As you seem to have realized the concept of a compositum is a bit troubling if we are not working inside a bigger field. Anyway, here come a few quick and dirty answers:
1+2) Yes (up to identification). The tensor product $E\otimes_k F$ is a commutative $k$-algebra. If $I$ is a maximal ideal in there (call upon Zorn's lemma to get the existence), then $M=E\otimes_k F/I$ is a field. The mappings $e\mapsto e\otimes 1 +I$ and $f\mapsto 1\otimes f +I$ are then homomorphisms of $k$-algebras, and thus injective (scores of details to check here). Therefore we can identify their images with $E$ and $F$ respectively. However, the choice of $I$ may make quite a difference. For example, if $E$ and $F$ are isomorphic (think: $\mathbf{Q}(\root 3\of 2)$ and $\mathbf{Q}(\omega\root3\of2)$, $\omega=(-1+i\sqrt3)/2$), then their images are equal for an appropriate choice of $I$, but may intersect trivially for another one.

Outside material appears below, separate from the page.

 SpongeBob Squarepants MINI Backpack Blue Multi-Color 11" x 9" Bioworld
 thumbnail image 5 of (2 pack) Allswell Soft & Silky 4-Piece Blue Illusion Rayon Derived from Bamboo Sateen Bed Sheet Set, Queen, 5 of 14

[Edit: It is possible that the images of $E$ and $F$ never intersect trivially. A trivial intersection occurs in my example case, but clearly not always. Sorry about any possible confusion this error in the original version may have created.]
3) No. This never happens. The tensor product of two non-trivial vector spaces is never zero. You get a basis for the tensor product from pairwise elementary tensors of basis elements of the factor spaces. When we mod out a maximal ideal as above, some linear dependencies may or may not be introduced (the ideal may be zero).
Consider the tensor product $A=E\otimes _kF$.
a) The $k$-algebra $A$ is nonzero because any choice of bases $(e_i)_{i \in I}$ of $E$ and $(f_j)_{j \in J}$ of $F$ will yield a basis $(e_i \otimes f_j)_{(i,j) \in I\times J}$ of $A=E\otimes _kF$ ( This answers your question 3.)
b) The set $Spec(A)$ of prime ideals of the non-zero ring $A$ is thus non empty.
Consider a prime ideal $P \subset A$, the quotient $A/P$ and the fraction field $k(P)=Frac(A/P)$.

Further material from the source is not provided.